Your objective>
Only one stretch of the listing below is wanted. Begin at the line that has "小龙大师精品街拍系列合集-灰色长裙少妇", stop after the line that has "3 bedroom semi-detached", and repeat every line in between exactly.
━━━━━━━━━━━━━━━━━━━━━━━━━━━━━━
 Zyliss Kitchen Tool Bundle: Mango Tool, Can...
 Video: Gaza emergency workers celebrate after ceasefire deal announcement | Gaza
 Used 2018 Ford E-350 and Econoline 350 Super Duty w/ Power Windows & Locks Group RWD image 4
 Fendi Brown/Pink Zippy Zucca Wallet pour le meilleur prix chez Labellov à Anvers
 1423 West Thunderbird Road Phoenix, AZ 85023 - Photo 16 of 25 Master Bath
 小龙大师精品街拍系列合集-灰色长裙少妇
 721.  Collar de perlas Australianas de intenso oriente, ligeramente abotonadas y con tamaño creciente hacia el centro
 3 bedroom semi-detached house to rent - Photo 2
━━━━━━━━━━━━━━━━━━━━━━━━━━━━━━
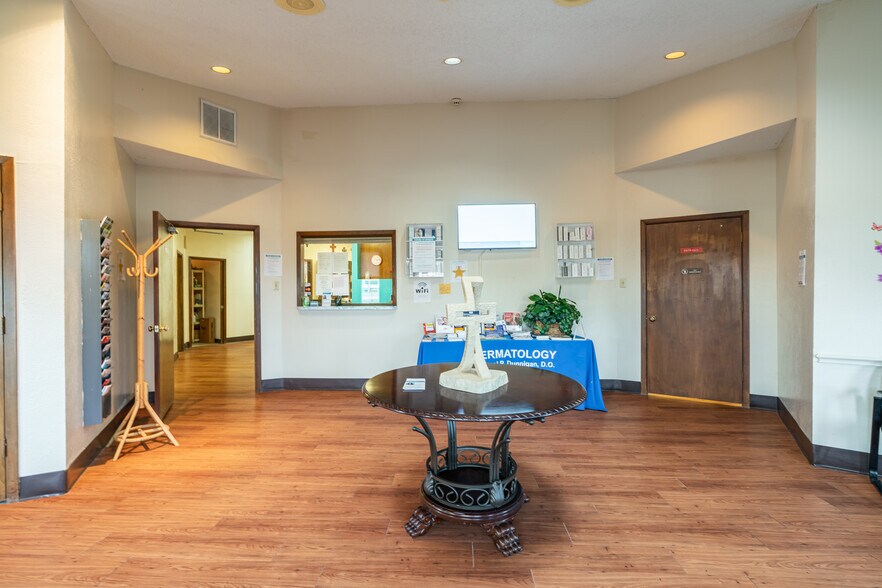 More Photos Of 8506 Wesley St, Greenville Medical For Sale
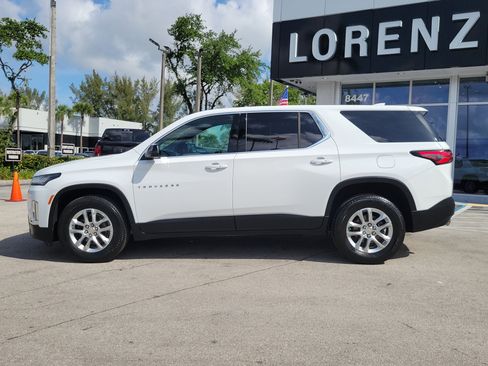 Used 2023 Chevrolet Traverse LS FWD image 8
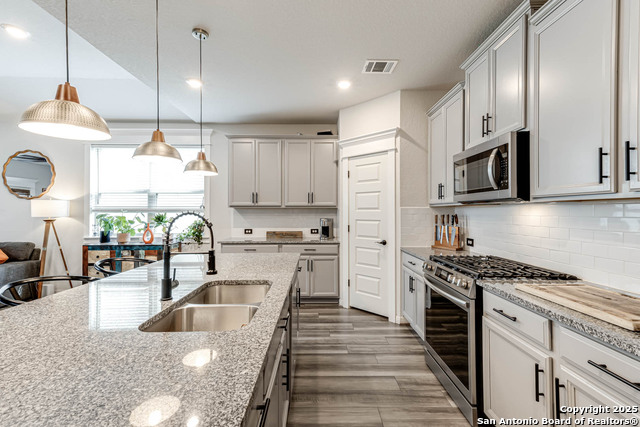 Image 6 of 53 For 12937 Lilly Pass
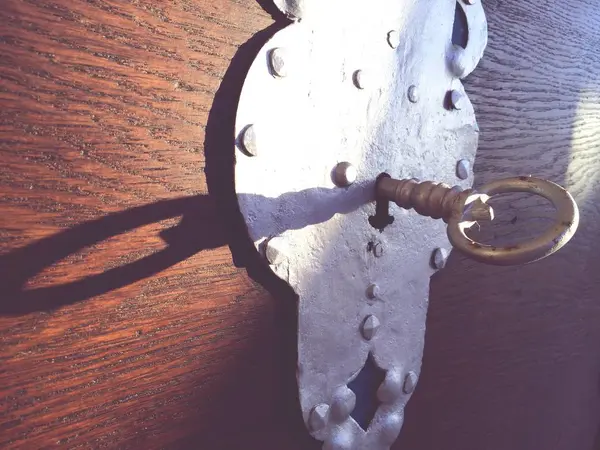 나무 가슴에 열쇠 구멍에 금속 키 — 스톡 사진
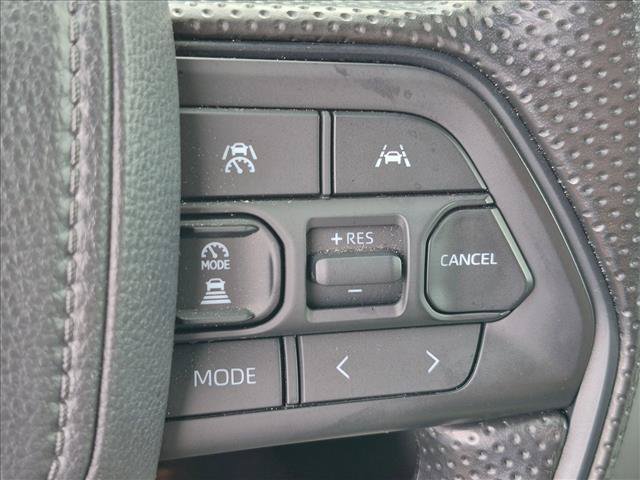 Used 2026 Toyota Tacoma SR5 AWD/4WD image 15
━━━━━━━━━━━━━━━━━━━━━━━━━━━━━━
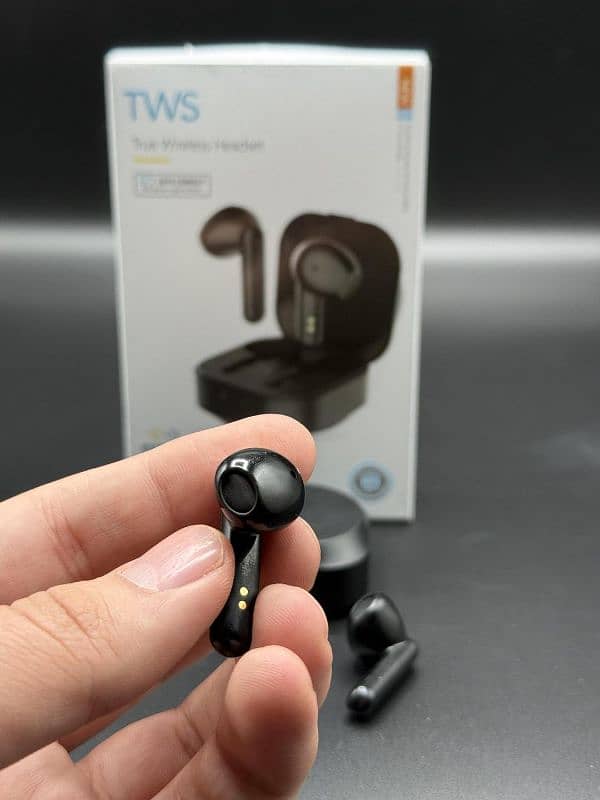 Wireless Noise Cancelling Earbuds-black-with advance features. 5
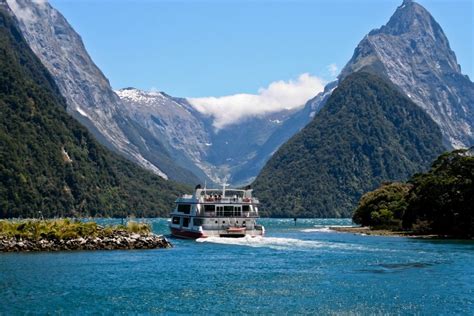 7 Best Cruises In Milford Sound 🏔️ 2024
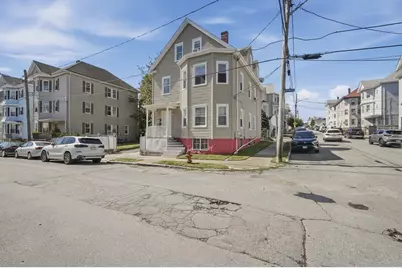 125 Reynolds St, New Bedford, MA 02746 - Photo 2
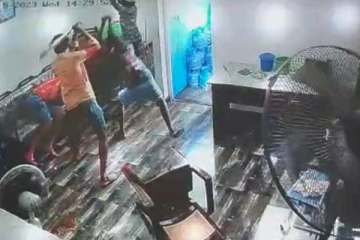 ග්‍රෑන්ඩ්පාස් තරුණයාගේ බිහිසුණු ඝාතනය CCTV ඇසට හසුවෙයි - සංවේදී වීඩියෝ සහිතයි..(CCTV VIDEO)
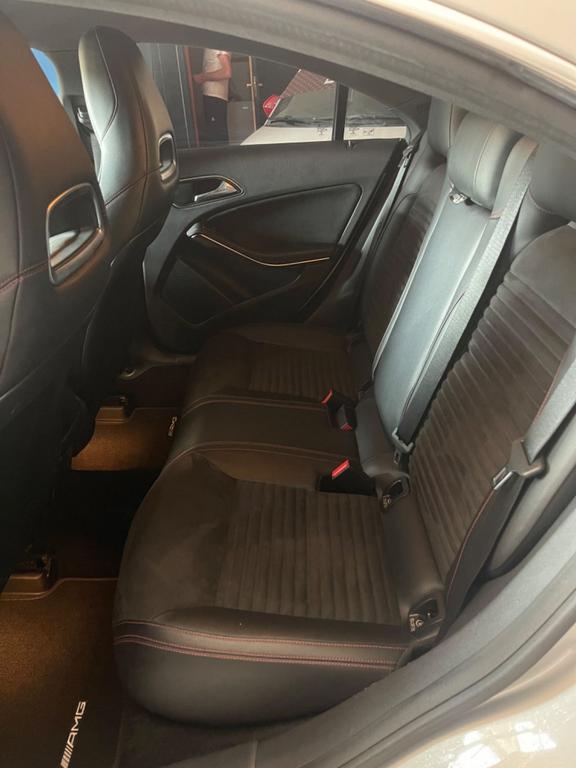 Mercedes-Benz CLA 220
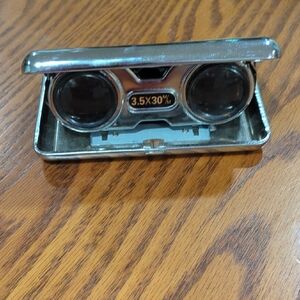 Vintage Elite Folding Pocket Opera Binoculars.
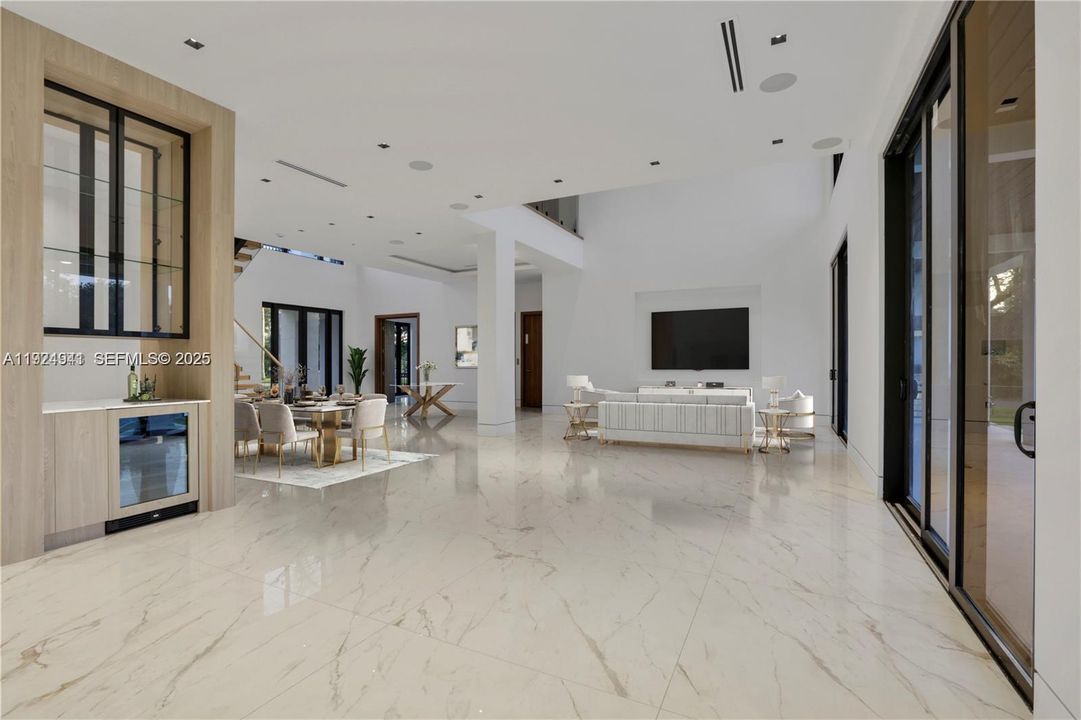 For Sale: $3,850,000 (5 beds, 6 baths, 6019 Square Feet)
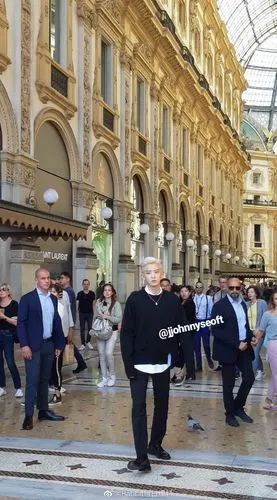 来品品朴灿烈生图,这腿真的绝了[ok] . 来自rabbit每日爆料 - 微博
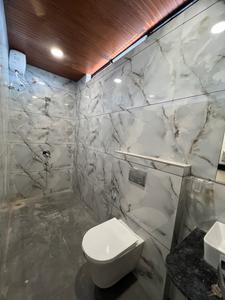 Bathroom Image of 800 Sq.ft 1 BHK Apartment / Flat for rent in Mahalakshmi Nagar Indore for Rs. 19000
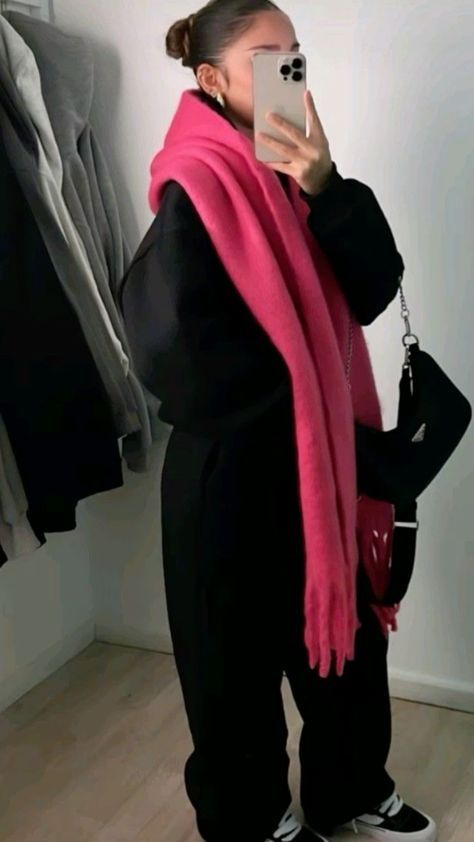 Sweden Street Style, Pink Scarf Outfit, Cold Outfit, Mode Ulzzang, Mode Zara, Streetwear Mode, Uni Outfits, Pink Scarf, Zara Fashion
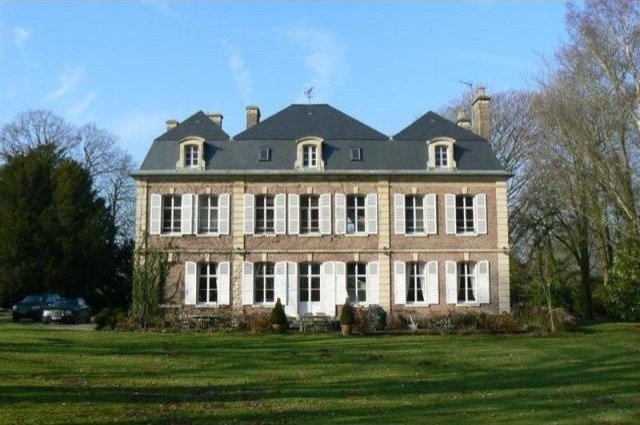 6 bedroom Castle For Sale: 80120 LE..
━━━━━━━━━━━━━━━━━━━━━━━━━━━━━━
Expected output>
 小龙大师精品街拍系列合集-灰色长裙少妇
 721.  Collar de perlas Australianas de intenso oriente, ligeramente abotonadas y con tamaño creciente hacia el centro
 3 bedroom semi-detached house to rent - Photo 2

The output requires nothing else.